The other part of the equation is layering. Fill in the sound gaps of your primary strings with different libs, different articulations... Anything to add more complexity and depth (obviously this is an art in itself and not as simple as just slapping more shit on top). Get it right and it adds to the feeling of a rich stereo image much more effectively than sticking Ozone on the master and cranking up the width.


----------



## ProfoundSilence (Aug 19, 2019)

close mics? 
dont worry about phase, unless you're doing something dumb like a stereo widener send


----------



## j_kranz (Aug 19, 2019)

From Alan Meyerson:

_“One of my favorite tricks is to make use of the _*Haas Effect*_. So, if I have an instrument that is stereo in track but a bit mono in sound, I delay one channel of that track by usually between 150 (3.4 ms) and 250 (6.2 ms) samples. I use the time delay plugin in Pro Tools for this. What this gives me is an apparent shift in the position of the sound in the stereo field without doing a pan”._

I find this works great to widen things up a little bit but not alter the room or quality of the sounds. Kilohearts has a great little tool for this and it's cheap:









Kilohearts | Haas


Bottom line, it brings stereo width to sounds where there previously was none. Simple as that.




kilohearts.com


----------



## fustrun (Aug 19, 2019)

Thank you guys!

I am aware of the hass effect and have used it a few times however it would not work on a large string section.

Would love the name for that panning tool!
Also would love some more info on the reverb technique!

So i added another dry library to the mix, added close mics, panned things around ever so gentley and then added an s1 imager on the string bus doin very little and finally hitting my verbs to glue everything together .. sounds pretty good i think ..


----------



## j_kranz (Aug 19, 2019)

fustrun said:


> I am aware of the hass effect and have used it a few times however it would not work on a large string section.



I'm curious why you think that...


----------



## ProfoundSilence (Aug 19, 2019)

I wouldn't use Haas on everything, mainly just close mics, or mono signals in general.


----------



## Jerry Growl (Aug 19, 2019)

j_kranz said:


> I'm curious why you think that...


Yes, Haas works effective to increase a sense of spaciousness for mono sources.

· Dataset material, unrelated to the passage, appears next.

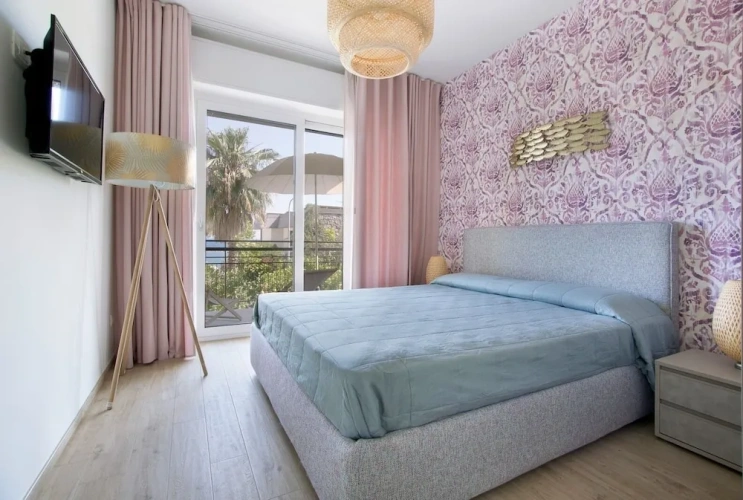 Classic Apartment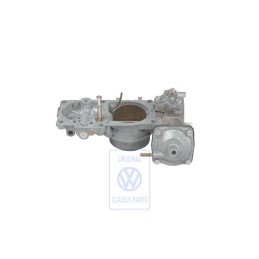 VW Original Vergasergehäuse-Oberteil - 055129109G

But it does also havoc in the phase issues dep, especially when using stereo sample material with baked in reverb (room mics, Tree mics, AB stereo mics) 

Production weighs pretty heavy on the reference track (Clover Paradox). Besides great recordings skills they are obviously using a heavier compression style and a lot of EDM mix production tricks (subsynth, expander & bus compression combo, M/S mix groups, enhancers, etc) Probably many more mix tricks than I'm aware of. The airtight braahm/hits are well programmed too. The pre-production is probably monstrous.


----------



## Nick Batzdorf (Aug 19, 2019)

Usually Jonathan's Haas tip is for creating walls to widen a mono signal and sort of bring it forward. You can also detune the delays a little.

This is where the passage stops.